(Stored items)
--- START ---
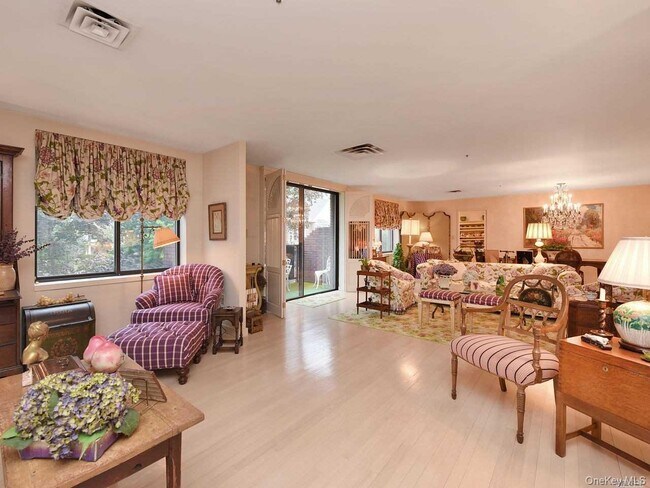 Photo - 123 Middle Neck Rd Unit 304-5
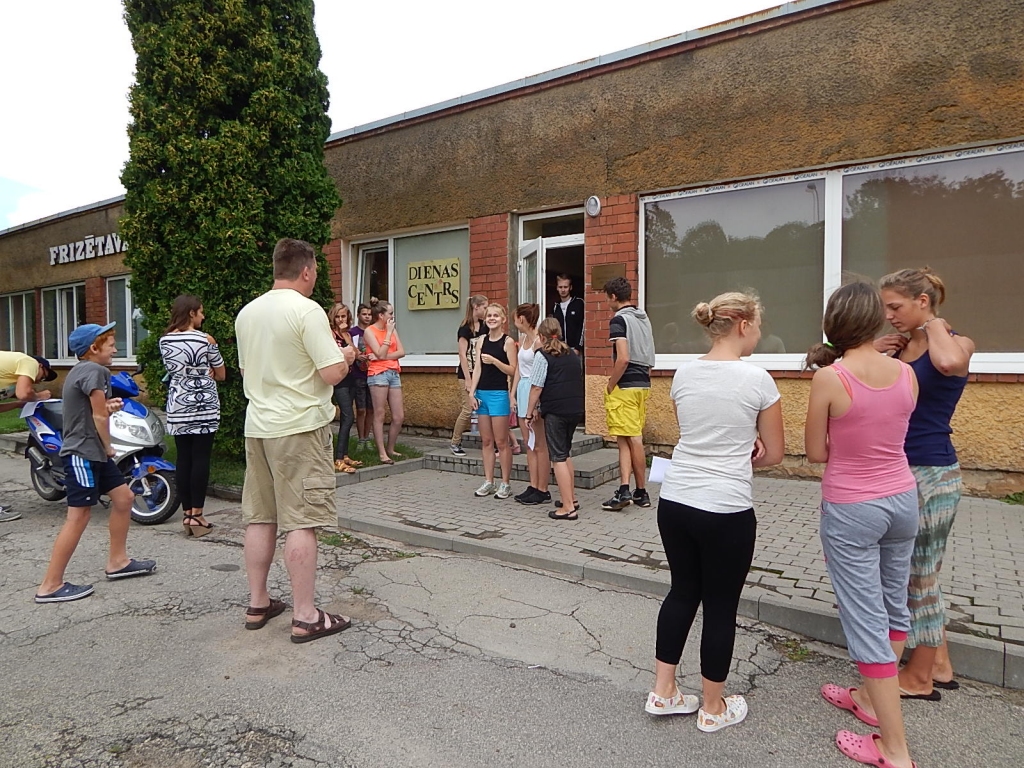  Fotoorientēšanās sacīkstes rīkoja un piedalījās paši jaunieši.
Autors: No albuma.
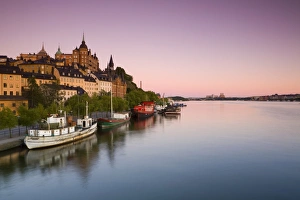 Stockholm Waterfront Drucke: Soder Malarstrand at Dawn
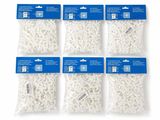 un lot de quatre sachets de perles en plastique blanches sur fond blanc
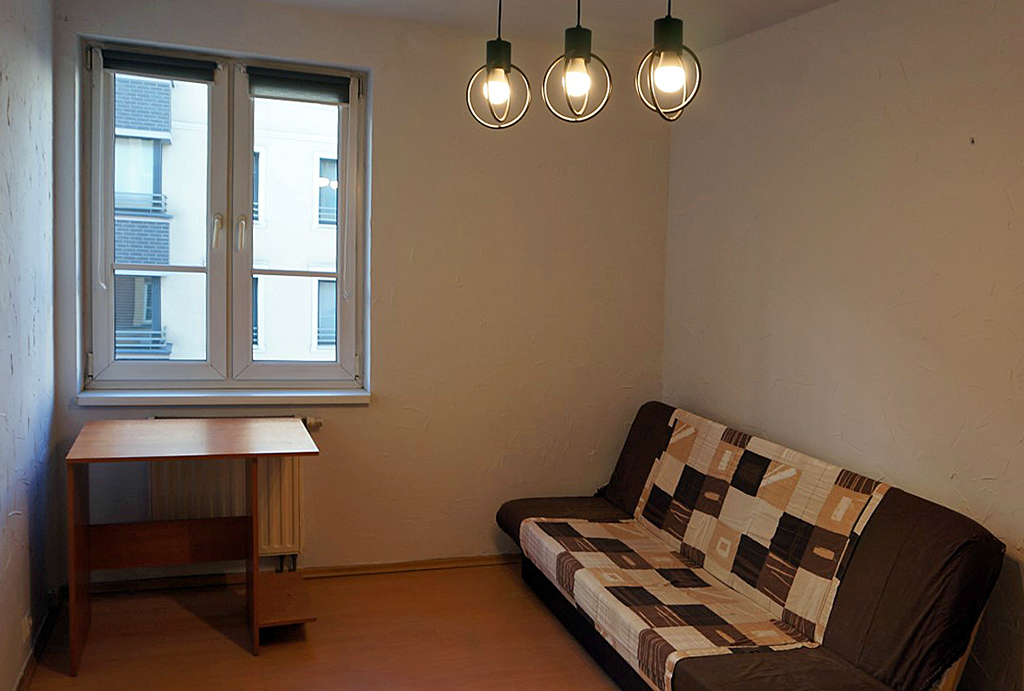 na zdjęciu gabinet albo pokój dziecka w mieszkaniu na wynajem Wrocław Śródmieście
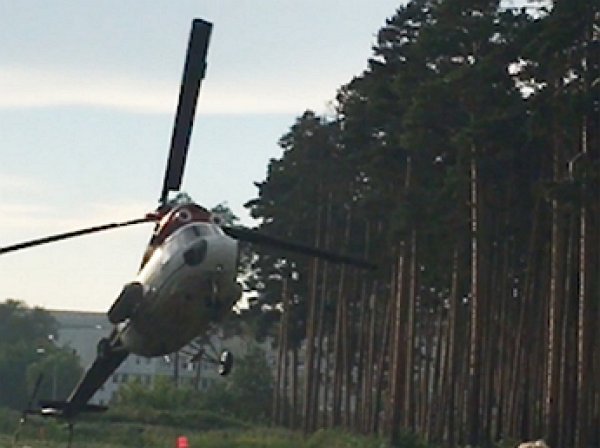Опубликовано видео крушения медицинского вертолёта Ми-2 под Екатеринбургом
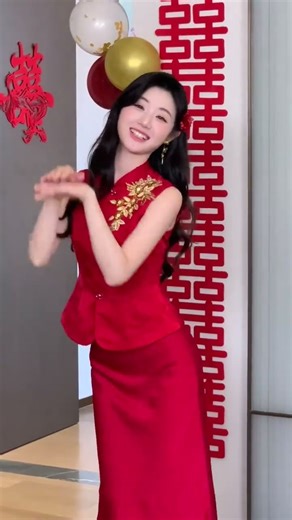 The mother-in-law and the bride walk side by side into the wedding hall. 🎉🎉🎉🎉#wedding #shortvideo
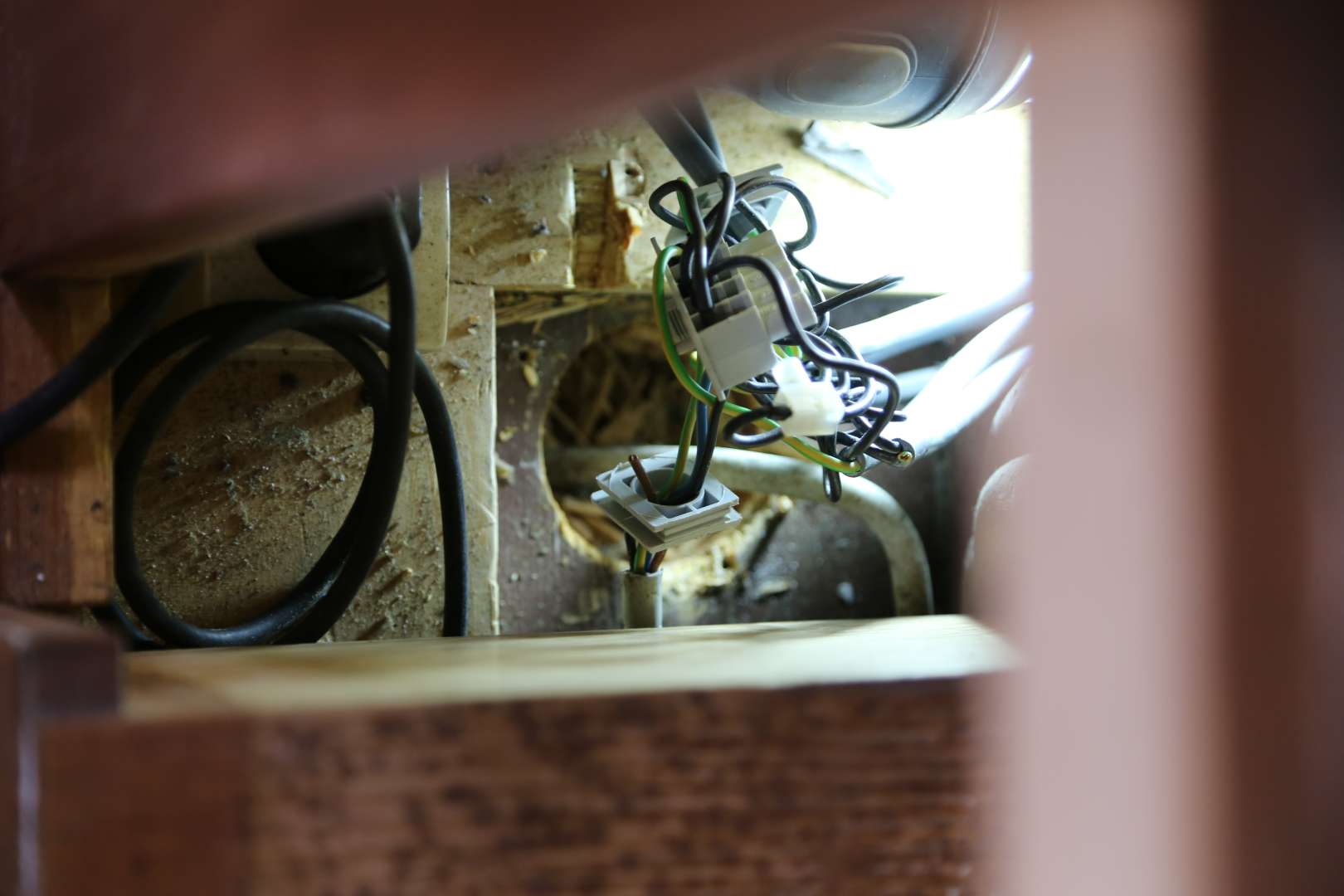 Tag 91: Glattputz auf die Kabelkanäle auf der Empore, Beginnn Reinigung des Gerüstes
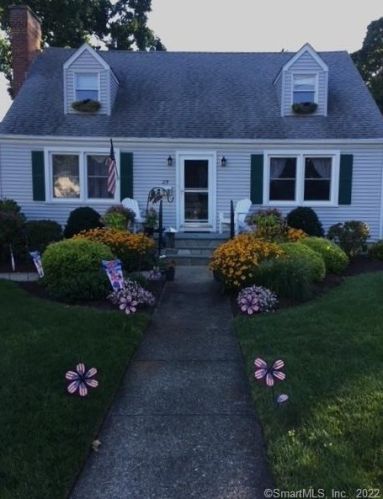 25 Odell Ave, Milford, CT 06460-7347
--- END ---
### What the task requires
Reproduce the data verbatim. Do not carry any picture into the copy.

### Solution to this problem
 Photo - 123 Middle Neck Rd Unit 304-5
  Fotoorientēšanās sacīkstes rīkoja un piedalījās paši jaunieši.
Autors: No albuma.
 Stockholm Waterfront Drucke: Soder Malarstrand at Dawn
 un lot de quatre sachets de perles en plastique blanches sur fond blanc
 na zdjęciu gabinet albo pokój dziecka w mieszkaniu na wynajem Wrocław Śródmieście
Опубликовано видео крушения медицинского вертолёта Ми-2 под Екатеринбургом
 The mother-in-law and the bride walk side by side into the wedding hall. 🎉🎉🎉🎉#wedding #shortvideo
 Tag 91: Glattputz auf die Kabelkanäle auf der Empore, Beginnn Reinigung des Gerüstes
 25 Odell Ave, Milford, CT 06460-7347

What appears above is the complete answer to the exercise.